New Zealand, India, South Korea, Japan and a clutch of other Asian nations were represented at the forum. China was not invited.
French Foreign Minister Jean-Yves Le Drian stressed that China was not being slighted, and EU Foreign Policy chief Josep Borrell noted the long-standing “dedicated dialogue” between the EU and China.
“The Indo-Pacific strategy ... is not an anti-China strategy. This strategy is not against anyone,” Le Drian said at a closing news conference. “It is a strategy for partnership development between the Indo-Pacific and the European Union.”
Le Drian listed “concrete projects” that he said were planned or underway, from tackling climate change to health, but also security concerns.

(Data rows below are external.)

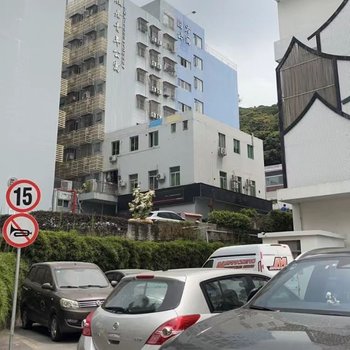 Woqu Service-Style Apartment (Shenzhen Liuxiandong)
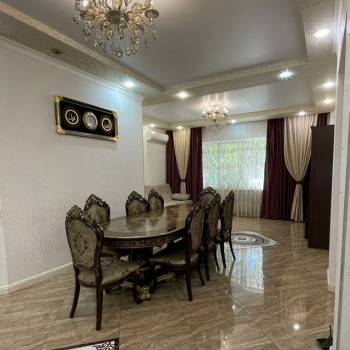 Продается Многокомнатная квартира, 105 м²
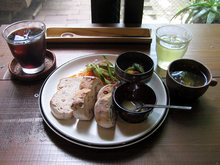 みどりの屋根 INUUNIQ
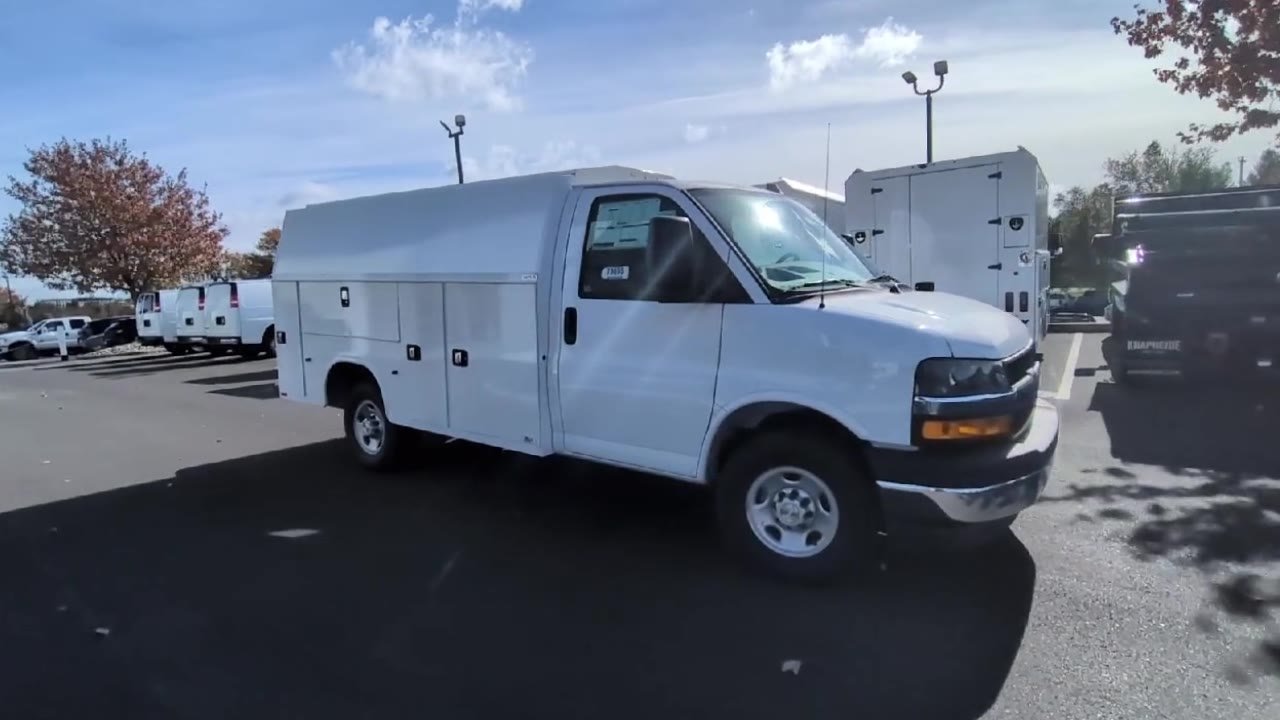 New 2025 Summit White Chevrolet 1WT image 33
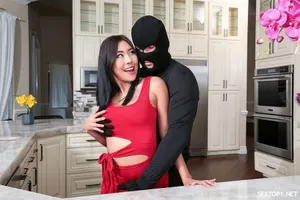 Họ đã nện cô bạn gái hoa khôi của tôi ngay trước mắt tôi!!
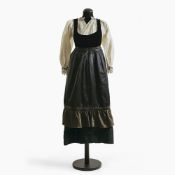 3 tlg. Trachtenkleid von Marie Theres Relin - mit Schürze und bestickter Leinenbluse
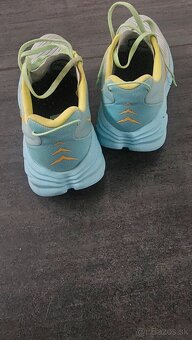 Hoka - 3
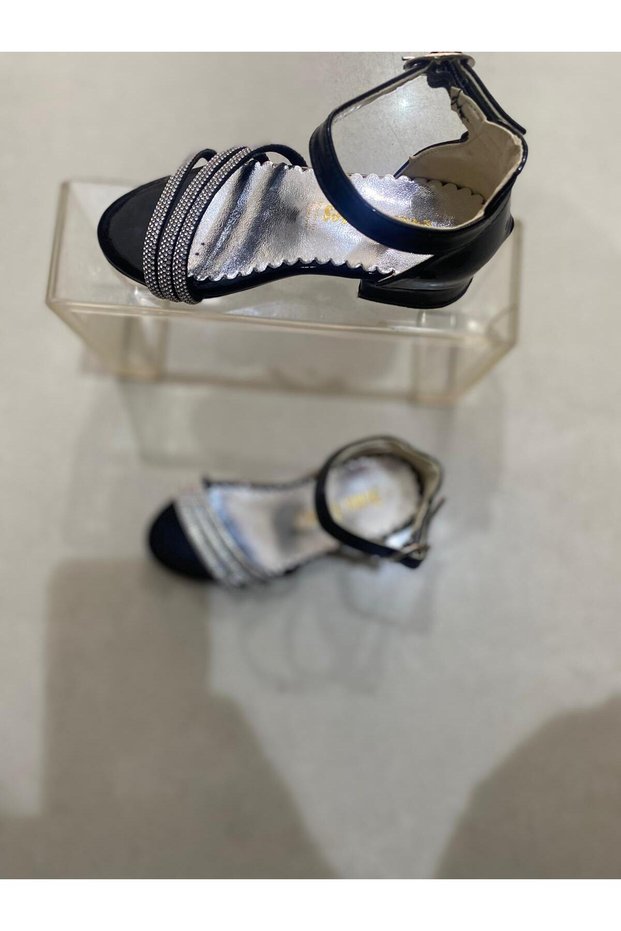 Black Stone Accessory Lace-Up Baby Heels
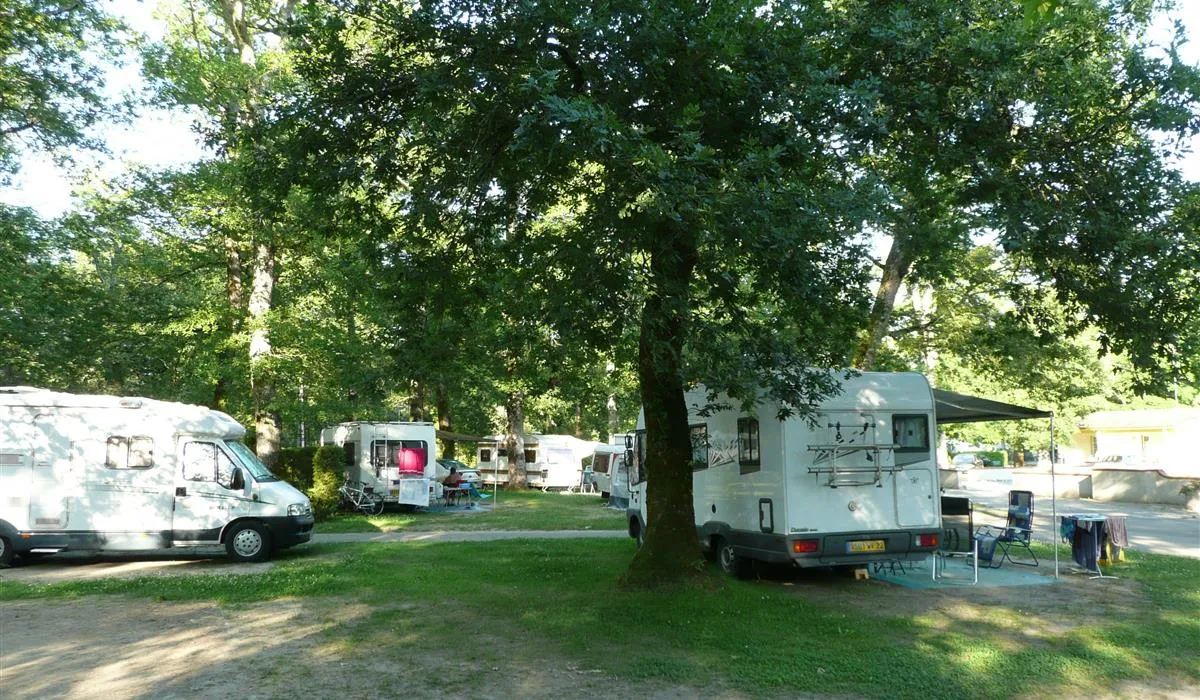 camping-les-chenes-clairs-condat-nuwwv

EU foreign policy chief Josep Borrell called the region an “aorta” for Europe with 40% of the EU’s trade passing through the region’s waters.
“That’s why we need freedom of navigation ... a security architecture that we have to build together,” Borrell said.
He announced a just-launched coordinated maritime presence with the region’s navies.
It is “not a military alliance, not against anyone. It’s a way of enhancing our presence and coordinating our means among the member states in order to be more able to act,” he said, without further elaboration.
Le Drian acknowledged concern over an emerging alliance between Russia and China “which is clearly defying the multilateral order.”
“And that was another reason for us to engage more in the Indo-Pacific,” the French minister said.